Metadata-Version: 2.4
Name: dashai_deepseek_model_package
Version: 0.0.6
Summary: DeepSeek Model for DashAI
Project-URL: Homepage, https://github.com/DashAISoftware/DashAI
Project-URL: Issues, https://github.com/DashAISoftware/DashAI/issues
Author: DashAI team
Author-email: dashaisoftware@gmail.com
Keywords: DashAI,Model
Requires-Python: >=3.8
Requires-Dist: huggingface-hub>=0.29.1
Requires-Dist: llama-cpp-python>=0.2.90
Description-Content-Type: text/markdown

# DeepSeek LLM Plugin for DashAI

This plugin integrates two DeepSeek models into the DashAI framework using the `llama.cpp` backend.
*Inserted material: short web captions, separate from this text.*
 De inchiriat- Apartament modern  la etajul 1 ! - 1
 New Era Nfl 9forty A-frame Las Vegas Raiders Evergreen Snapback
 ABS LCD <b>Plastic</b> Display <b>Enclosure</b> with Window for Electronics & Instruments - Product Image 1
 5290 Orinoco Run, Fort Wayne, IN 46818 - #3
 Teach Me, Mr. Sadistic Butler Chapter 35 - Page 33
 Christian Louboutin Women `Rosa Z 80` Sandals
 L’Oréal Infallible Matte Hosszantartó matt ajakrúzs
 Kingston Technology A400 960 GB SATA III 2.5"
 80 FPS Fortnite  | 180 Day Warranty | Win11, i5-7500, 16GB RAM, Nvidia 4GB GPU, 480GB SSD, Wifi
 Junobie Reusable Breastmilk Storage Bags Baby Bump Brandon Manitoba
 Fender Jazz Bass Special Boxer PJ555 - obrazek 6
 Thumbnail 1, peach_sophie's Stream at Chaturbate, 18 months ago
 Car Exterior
It enables text generation tasks through a lightweight and efficient inference engine with support for quantized GGUF models.

## Included Models

### 1. DeepSeek LLM 7B Chat

- Pretrained chat-oriented model for general text generation
- Based on [`TheBloke/deepseek-llm-7B-chat-GGUF`](https://huggingface.co/TheBloke/deepseek-llm-7B-chat-GGUF)
- Uses quantized file: `deepseek-llm-7b-chat.Q5_K_M.gguf`

### 2. DeepSeek Coder 6.7B Instruct

- Instruction-tuned model for code-related and general instruction tasks
- Initialized from `deepseek-coder-6.7b-base`, fine-tuned on 2B instruction tokens
- Based on [`TheBloke/deepseek-coder-6.7B-instruct-GGUF`](https://huggingface.co/TheBloke/deepseek-coder-6.7B-instruct-GGUF)
- Uses quantized file: `deepseek-coder-6.7b-instruct.Q5_K_M.gguf`

Both models use the **Q5_K_M** quantization method for a balance of quality and efficiency, and are compatible with both CPU and GPU inference.

## Components

### DeepSeekModel

- Implements the `TextToTextGenerationTaskModel` interface from DashAI
- Uses the `llama.cpp` backend with GGUF support
- Loads the model from Hugging Face at runtime
- Supports configurable generation parameters
- Automatically truncates long prompts and uses custom stop sequences for cleaner output

## Features

- Configurable text generation with:
  - `max_tokens`: Number of tokens to generate
  - `temperature`: Controls output randomness
  - `frequency_penalty`: Reduces repetition
  - `n_ctx`: Context window size
  - `device`: `"cpu"` or `"gpu"`
- Efficient memory usage with GGUF quantization
- Custom stop sequence: `["Q:"]`

## Model Parameters

| Parameter           | Description                                      | Default              |
| ------------------- | ------------------------------------------------ | -------------------- |
| `max_tokens`        | Maximum number of tokens to generate             | 100                  |
| `temperature`       | Sampling temperature (higher = more random)      | 0.7                  |
| `frequency_penalty` | Penalizes repeated tokens to encourage diversity | 0.1                  |
| `n_ctx`             | Maximum context window (tokens in prompt)        | 4096                 |
| `device`            | Inference device                                 | `"gpu"` if available |

## Requirements

- `DashAI`
- `llama-cpp-python`
- Model files from Hugging Face:
  - [`TheBloke/deepseek-llm-7B-chat-GGUF`](https://huggingface.co/TheBloke/deepseek-llm-7B-chat-GGUF)
  - [`TheBloke/deepseek-coder-6.7B-instruct-GGUF`](https://huggingface.co/TheBloke/deepseek-coder-6.7B-instruct-GGUF)

## Notes

This plugin uses the **GGUF** format, introduced by the `llama.cpp` team in August 2023.  
GGUF replaces the older **GGML** format, which is no longer supported.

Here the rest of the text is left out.